One bit of good news for residents who use the Transfer Station is that new rates will not be set until after June 30 this year. The six-month deferral is expected to give the board time to consider a move to single stream recycling, the possible use of colored bags rather than bag ties, changes in facility hours of operation, and the cost of renewing the recycling contract when it expires at the end of June.

The Nashua Road municipal well site is expected to be complete by the targeted date of March 23. The prefabricated pump building was delivered and is in the process of being plumbed and wired.

Kalinowski also explained to the board that the price of deduct meters and meter inspections would see their first cost increase since 2008. The price of a deduct meter and inspection will rise from $300 to $325. Kalinowski noted that the price increase allows for covering the cost of the meter and labor to inspect the installation.

In other related water news, the inter-municipal agreement with Groton for the Reedy Meadow Estates sub-division was sent back to Pepperell for edits. Kalinowski noted that Groton had “slightly revised and clarified” some of the language in the document and that there were no substantive changes that would further delay ratification of the agreement.

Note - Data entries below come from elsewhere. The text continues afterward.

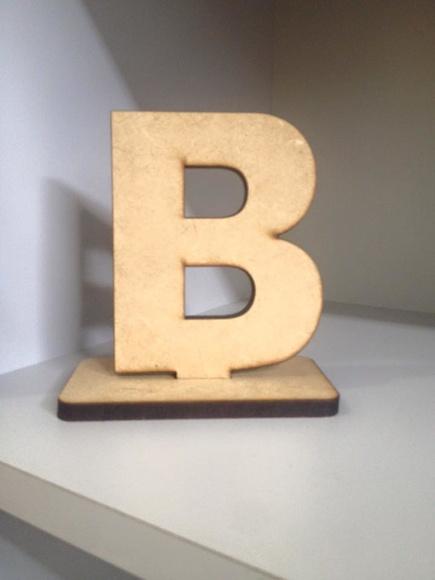 LETRAS C/ BASE MDF 6mm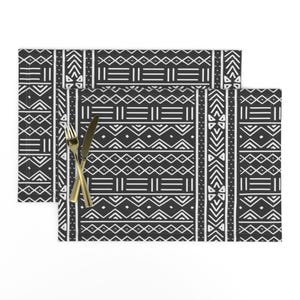 Podkładki Mudcloth (zestaw 2 szt.) - Charcoal Grey Mudcloth od thestylesafari - Podkładki z materiału w kolorze czarno-białym inspirowane Afryką od Spoonflower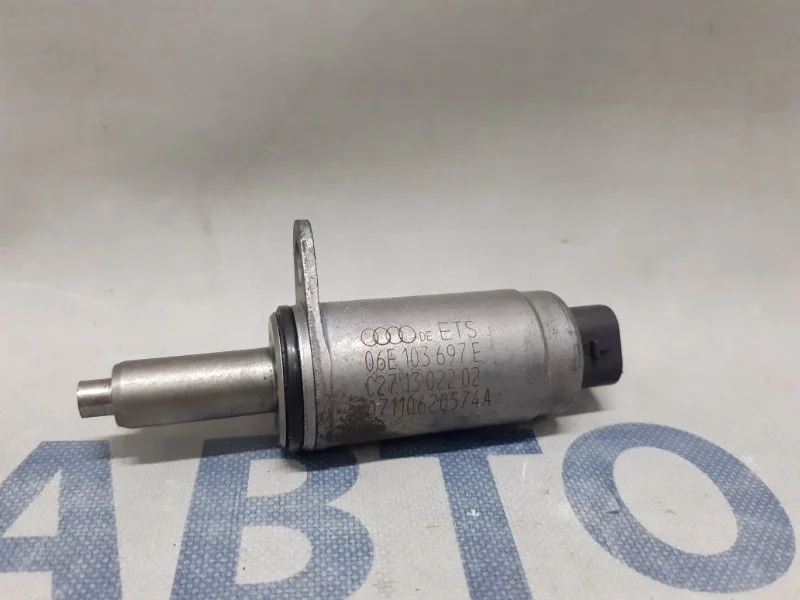 Клапан электромагнитный Audi A5 06E103697E 8K 3.2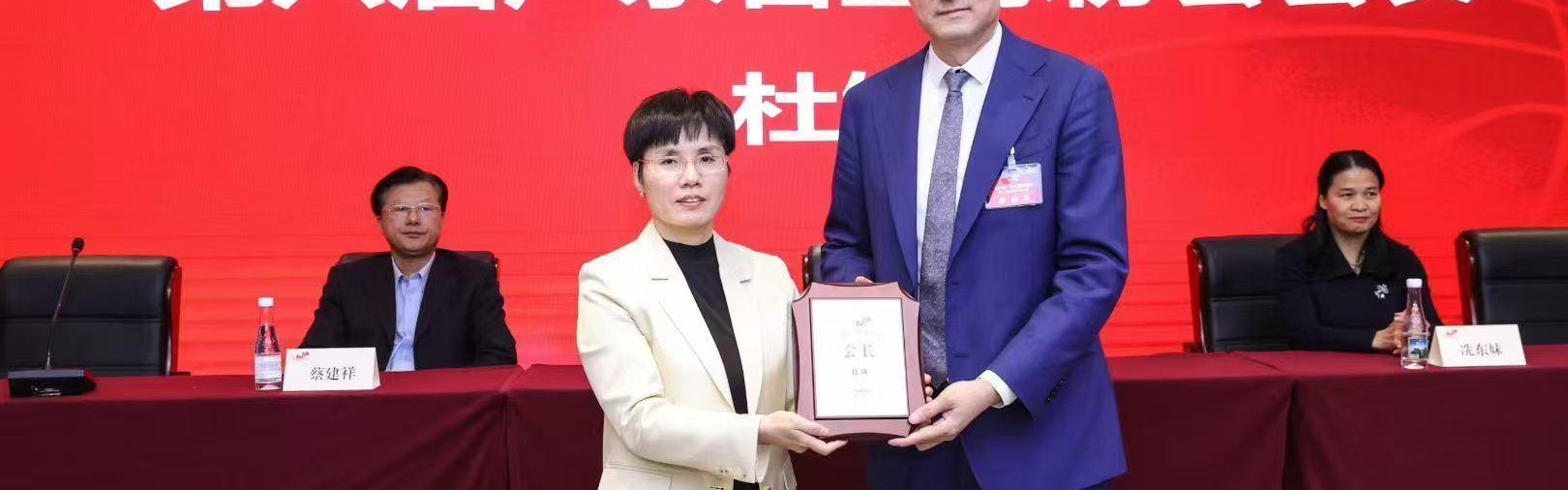 世界杯手机直播app下载-媒体人：广东华南虎主帅杜锋当选第六届广东省篮球协会会长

The board denied a water abatement request for 1 Wilderness Way in the amount of $599.46. The home owner cited a water leak in the property’s irrigation system between Sep. 20 and 23 of last year. However, Kalinowski noted that the homeowner had typically high water consumption during that time and displayed daily water consumption graphs of the property to the board.

“He clearly violated the water ban from August right through October,” said Kalinowski.

Kalinowski noted that the capability of the new meters and software allow for daily and even hourly displays of water usage, but it is not used for enforcement purposes. Rather, it serves to resolve disputes in usage that might arise from time to time.

“It’s not the leak that pushed him over,” said Commissioner Greg Rice, who referred to the tiered usage billing and the fact that the homeowner was already over it despite the leaks.